8. An Application of Complex Numbers: AC Circuits
by M. Bourne
Before we see how complex numbers can help us to analyse and design AC circuits, we first need to define some terms.
Definitions
Resistance:
Symbol: R
Units: W (ohms)
A resistor is any part of a circuit that obstructs the flow of current.
Capacitance:
Symbol: C
Units: F (farads)
A capacitor consists of 2 non-connected plates:
Inductance:
Symbol: L
Units: H (henrys)
An inductor is coil of wire in which current is induced.
Current: I (in amperes)
Voltage: V (in volts).
Ohm's Law: V = IR
Reactance: Effective resistance of any part of the circuit. This could be from an inductor or a capacitor.

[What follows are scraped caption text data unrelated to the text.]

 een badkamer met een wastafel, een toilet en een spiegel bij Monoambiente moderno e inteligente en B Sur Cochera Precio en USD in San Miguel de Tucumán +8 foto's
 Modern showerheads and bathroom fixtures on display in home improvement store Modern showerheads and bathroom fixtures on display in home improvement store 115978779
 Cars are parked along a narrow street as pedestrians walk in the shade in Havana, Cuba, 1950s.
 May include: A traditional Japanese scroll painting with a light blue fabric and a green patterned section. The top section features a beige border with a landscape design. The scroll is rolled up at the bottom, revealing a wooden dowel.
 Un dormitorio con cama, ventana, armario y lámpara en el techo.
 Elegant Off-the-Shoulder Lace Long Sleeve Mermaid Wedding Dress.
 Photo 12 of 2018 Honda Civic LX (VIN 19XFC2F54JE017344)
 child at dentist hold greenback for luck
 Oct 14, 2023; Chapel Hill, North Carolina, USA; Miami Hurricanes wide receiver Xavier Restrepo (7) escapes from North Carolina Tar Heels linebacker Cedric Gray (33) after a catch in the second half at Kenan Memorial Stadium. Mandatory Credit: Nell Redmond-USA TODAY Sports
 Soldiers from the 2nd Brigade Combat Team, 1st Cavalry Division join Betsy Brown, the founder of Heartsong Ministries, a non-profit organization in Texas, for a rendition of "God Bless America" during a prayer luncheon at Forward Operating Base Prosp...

See more in the next section Impedance and Phase Angle.
Symbol: X
Voltage in alternating current circuits
The voltage across a resistance is in phase with the current .
The voltage across a capacitor lags the current by 90° .

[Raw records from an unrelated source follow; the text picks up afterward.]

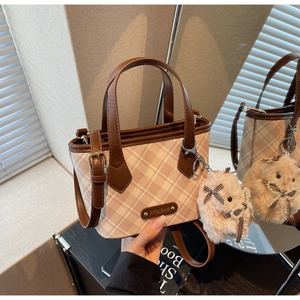 Detail of checkered tote bag with pink faux leather trim and plush rabbit keychain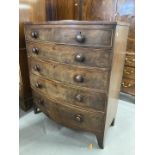 19th cent. Mahogany bow front chest of two short drawers and three long drawers on swept bracket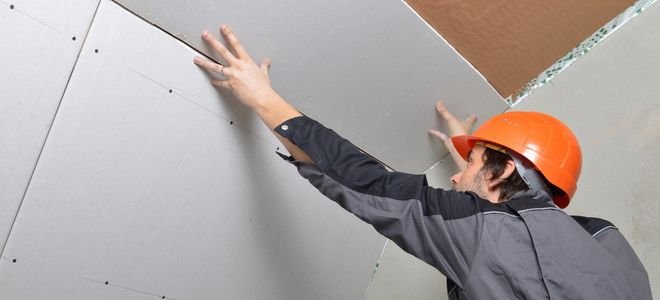 Person installing drywall on a ceiling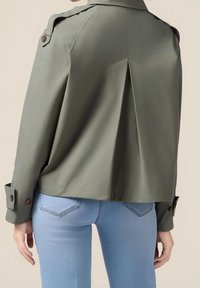 Olive green cropped jacket with shoulder epaulettes, buttoned cuffs, and a pleated back design. Paired with light blue fitted jeans.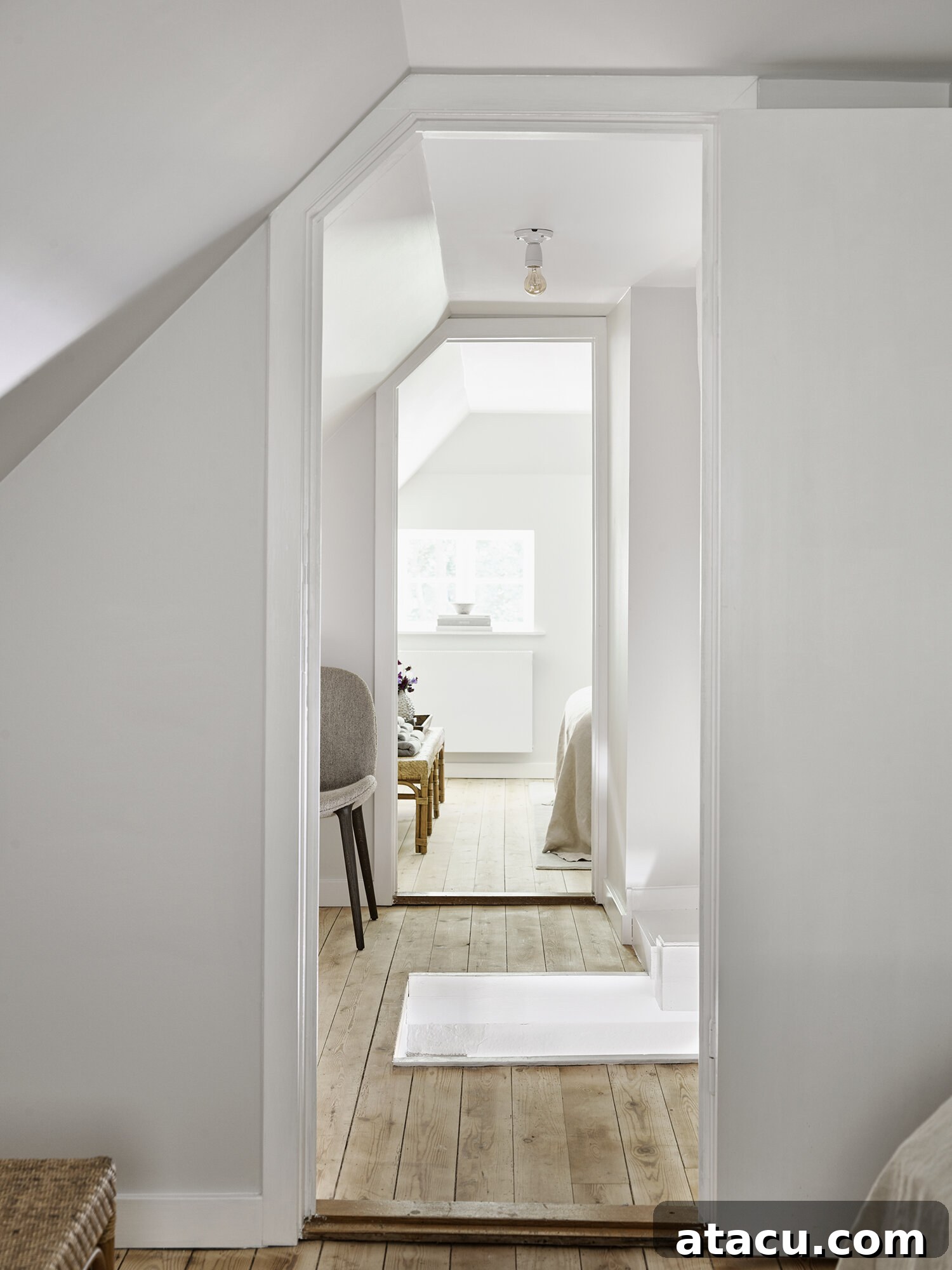 Vipp Farmhouse corridor with elegant lighting and warm wooden floor leading to bedrooms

The voltage across an inductance leads the current by 90° .
For voltage: V = IX
The voltage across a resistor with resistance R:
VR = IR
The voltage across a capacitor with reactance XC (voltage and current are RMS, or 'root mean square' values):
VC = IXC
The voltage across an inductor with reactance XL (once again, voltage and current are RMS values):
VL = IXL
Using the complex plane, we can represent voltages across resistors, capacitors and inductors.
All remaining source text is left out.